## EXERCISE GOAL
Word for word, write the records out again, but omit each picture.

Captioned web image data
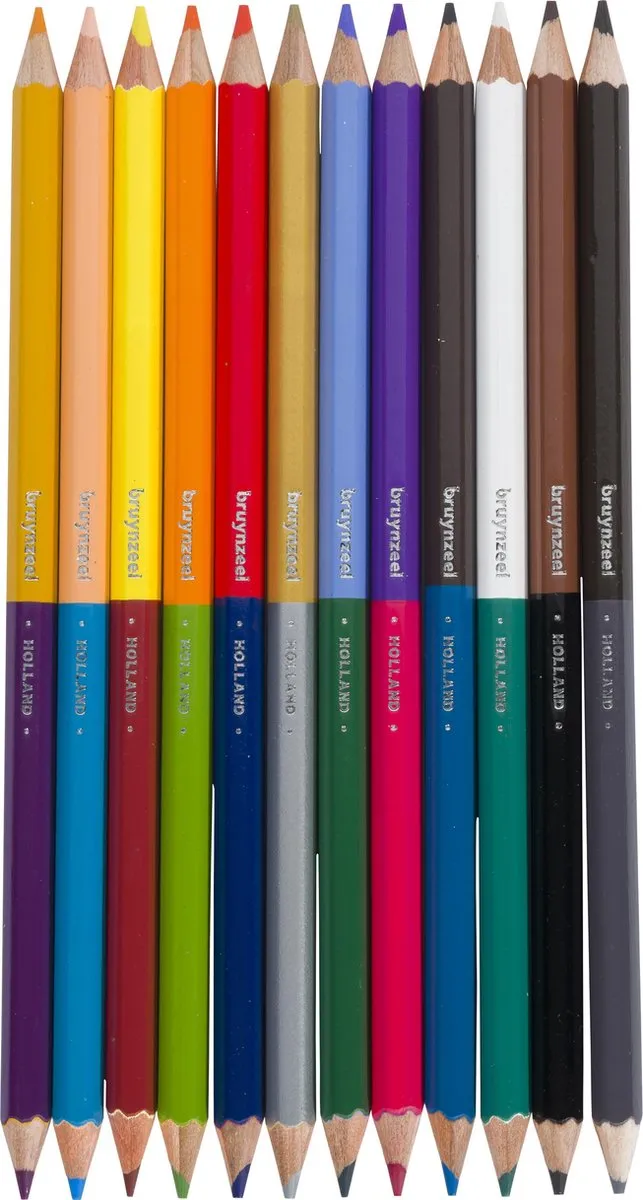 BRUYNZEEL Kids Twin Points Kleurpotloden - 12 Stuks - Assorti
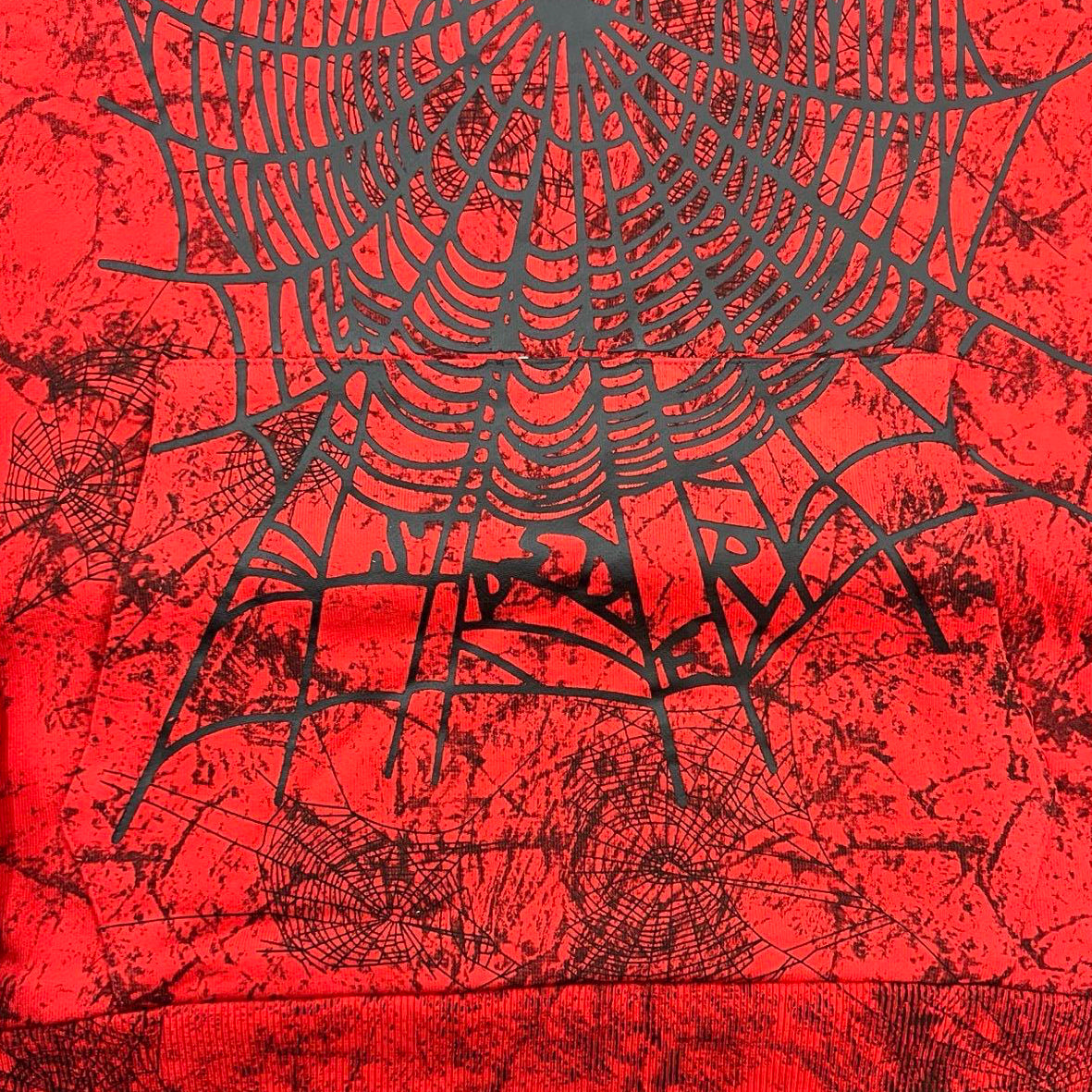 Sp5der Red Web Graphic Hoodie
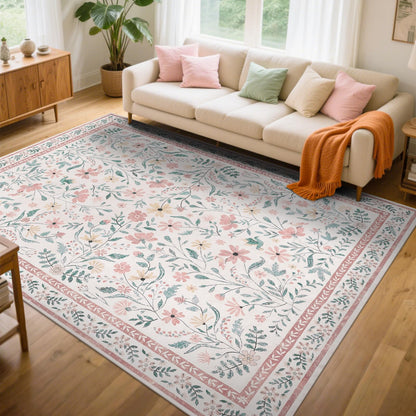 SHACOS Pink Floral Area Rugs 5x7 Nursery Rug, Machine Washable Boho Rugs for Bedroom, Non Slip Soft Floral Low-Pile Carpet for Living Room Kids Room Dining Room Entryway Indoor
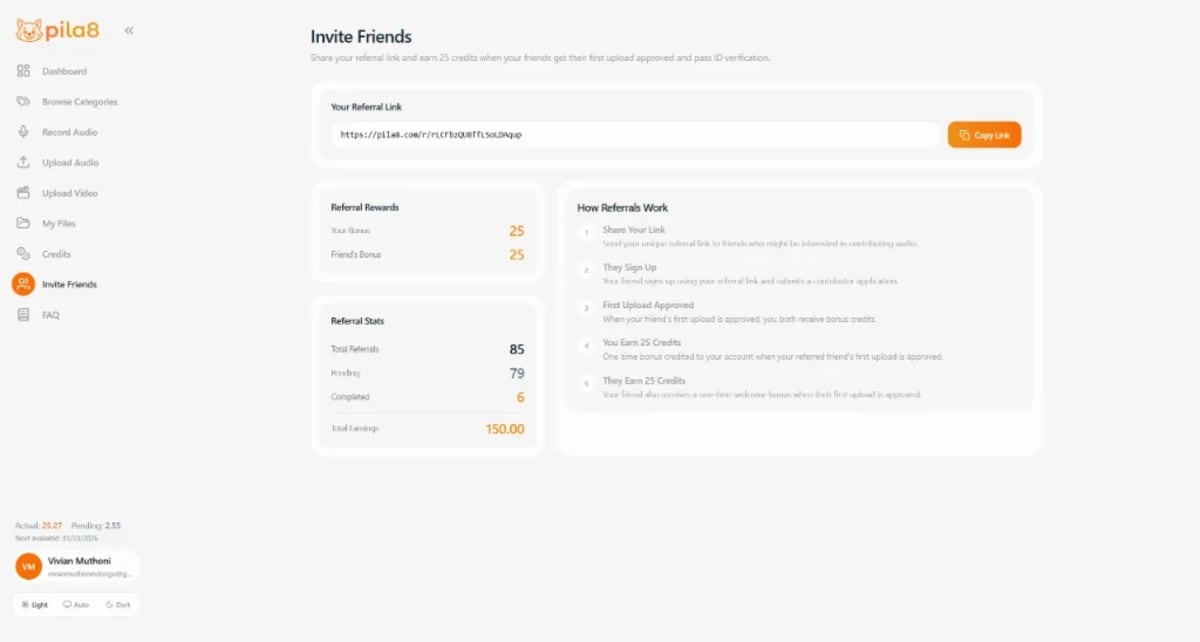Pila8 Invite Friends page showing referral stats and reward structure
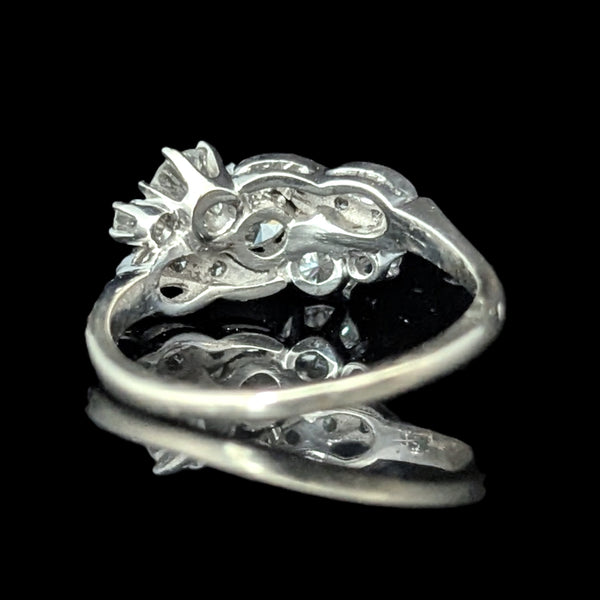 1950s Vintage Diamonds White Gold Three Stone Dinner Ring Estate Jewelry Gift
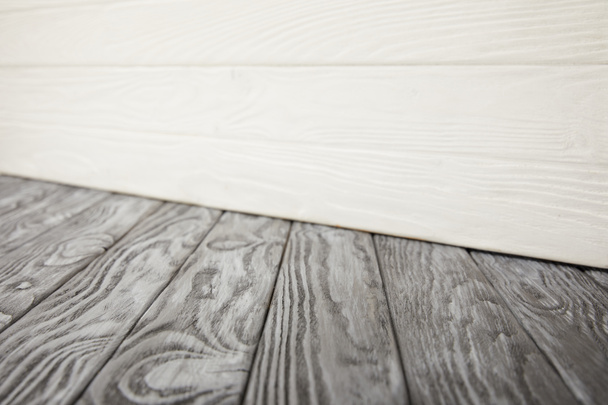 grey wooden floor and white wooden wall - Foto, immagini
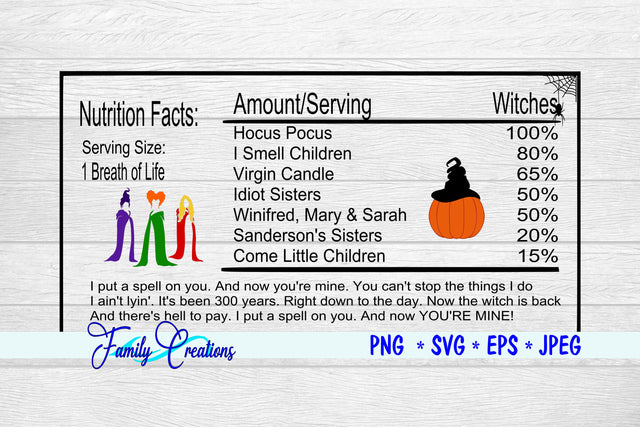 Hocus Pocus Nutrition Label - Long SVG Family Creations 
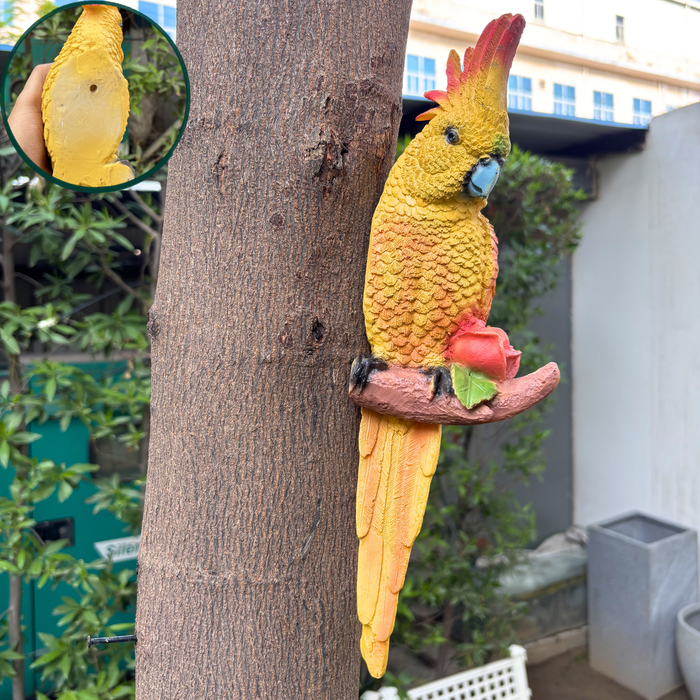 Hanging Green Parrot ( Set of 2 ) Garden Figurine
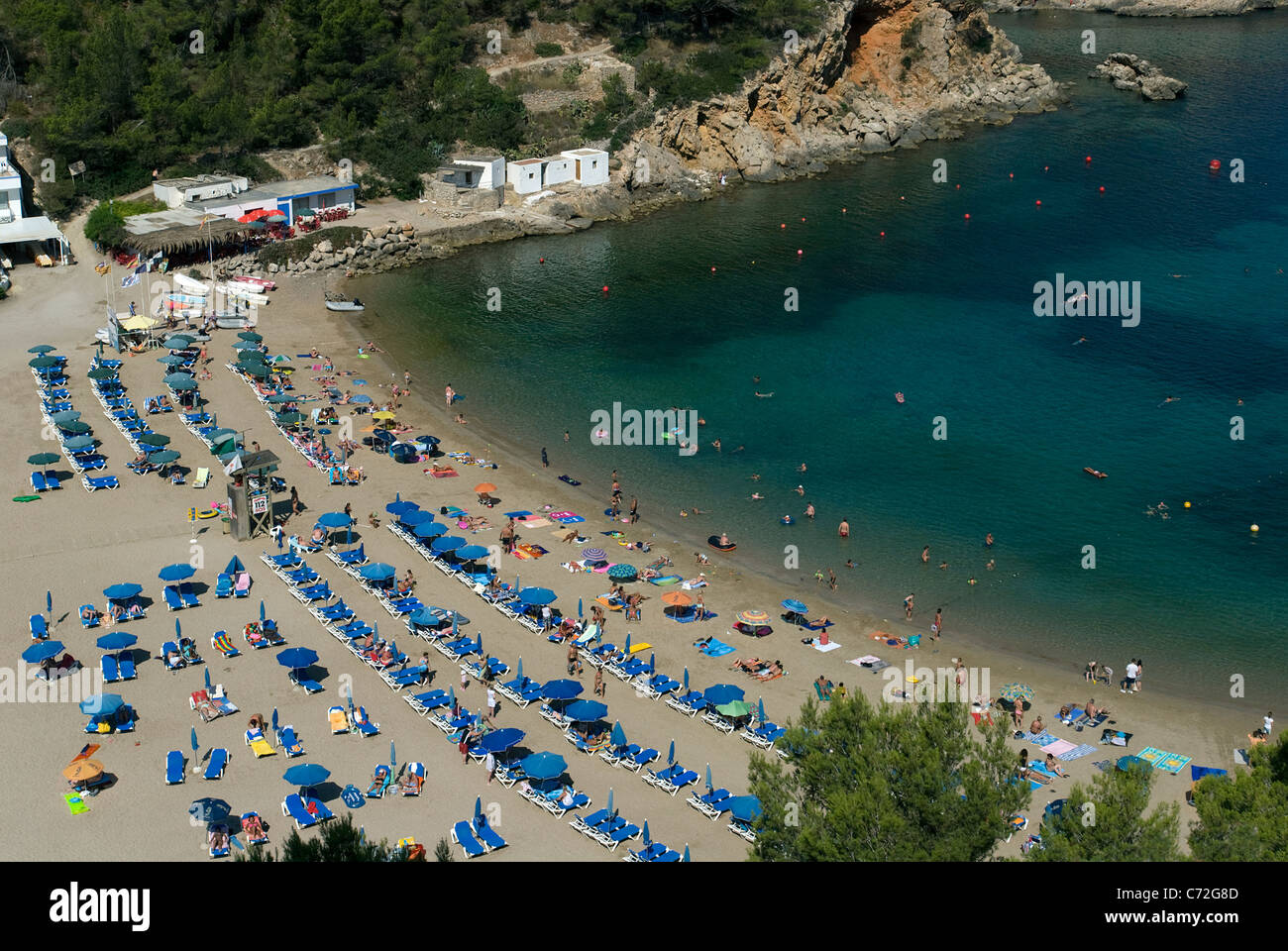 Spiaggia di Puerto San Miguel, Ibiza, Spagna Foto Stock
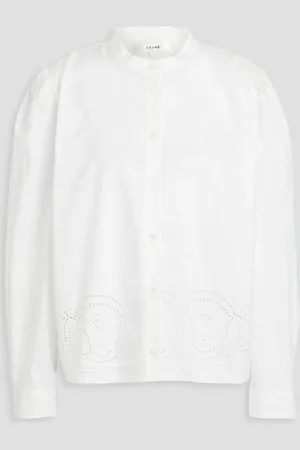 Frame Broderie anglaise-trimmed cotton-poplin blouse - - XXS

## RESULT FOR THIS EXERCISE
 BRUYNZEEL Kids Twin Points Kleurpotloden - 12 Stuks - Assorti
 Sp5der Red Web Graphic Hoodie
 SHACOS Pink Floral Area Rugs 5x7 Nursery Rug, Machine Washable Boho Rugs for Bedroom, Non Slip Soft Floral Low-Pile Carpet for Living Room Kids Room Dining Room Entryway Indoor
Pila8 Invite Friends page showing referral stats and reward structure
 1950s Vintage Diamonds White Gold Three Stone Dinner Ring Estate Jewelry Gift
 grey wooden floor and white wooden wall - Foto, immagini
 Hocus Pocus Nutrition Label - Long SVG Family Creations 
 Hanging Green Parrot ( Set of 2 ) Garden Figurine
 Spiaggia di Puerto San Miguel, Ibiza, Spagna Foto Stock
 Frame Broderie anglaise-trimmed cotton-poplin blouse - - XXS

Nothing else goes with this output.